WORK INSTRUCTIONS:
Look through the data and write out every line with the word "from" in it.

SUPPLIED MATERIAL:
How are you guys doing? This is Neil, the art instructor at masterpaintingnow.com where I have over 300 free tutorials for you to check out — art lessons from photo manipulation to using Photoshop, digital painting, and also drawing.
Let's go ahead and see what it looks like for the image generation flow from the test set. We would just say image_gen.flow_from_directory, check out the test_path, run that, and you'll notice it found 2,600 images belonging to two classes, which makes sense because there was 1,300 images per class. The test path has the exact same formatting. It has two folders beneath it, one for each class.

--

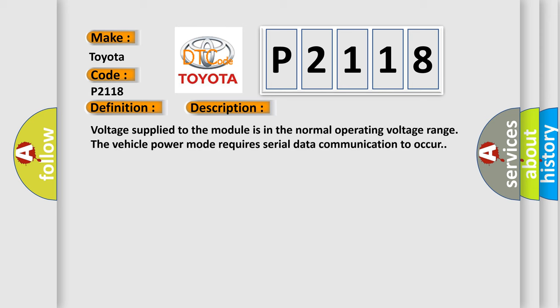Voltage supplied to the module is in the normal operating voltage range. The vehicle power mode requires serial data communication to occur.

==

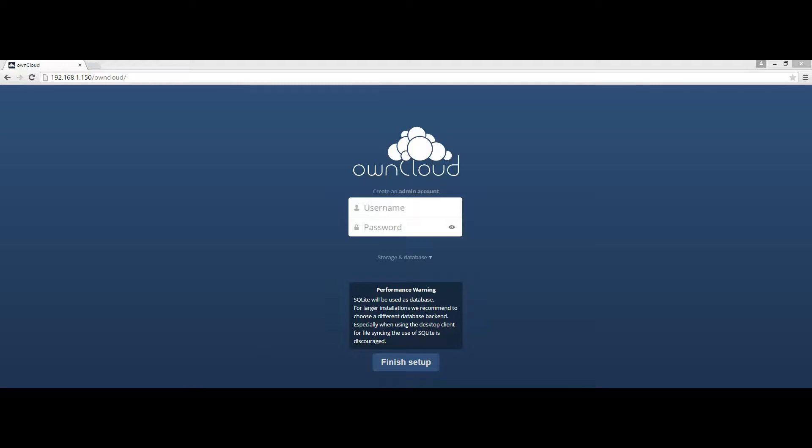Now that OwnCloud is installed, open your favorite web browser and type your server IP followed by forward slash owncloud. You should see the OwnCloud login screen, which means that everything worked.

ANSWER SPACE:
How are you guys doing? This is Neil, the art instructor at masterpaintingnow.com where I have over 300 free tutorials for you to check out — art lessons from photo manipulation to using Photoshop, digital painting, and also drawing.
Let's go ahead and see what it looks like for the image generation flow from the test set. We would just say image_gen.flow_from_directory, check out the test_path, run that, and you'll notice it found 2,600 images belonging to two classes, which makes sense because there was 1,300 images per class. The test path has the exact same formatting. It has two folders beneath it, one for each class.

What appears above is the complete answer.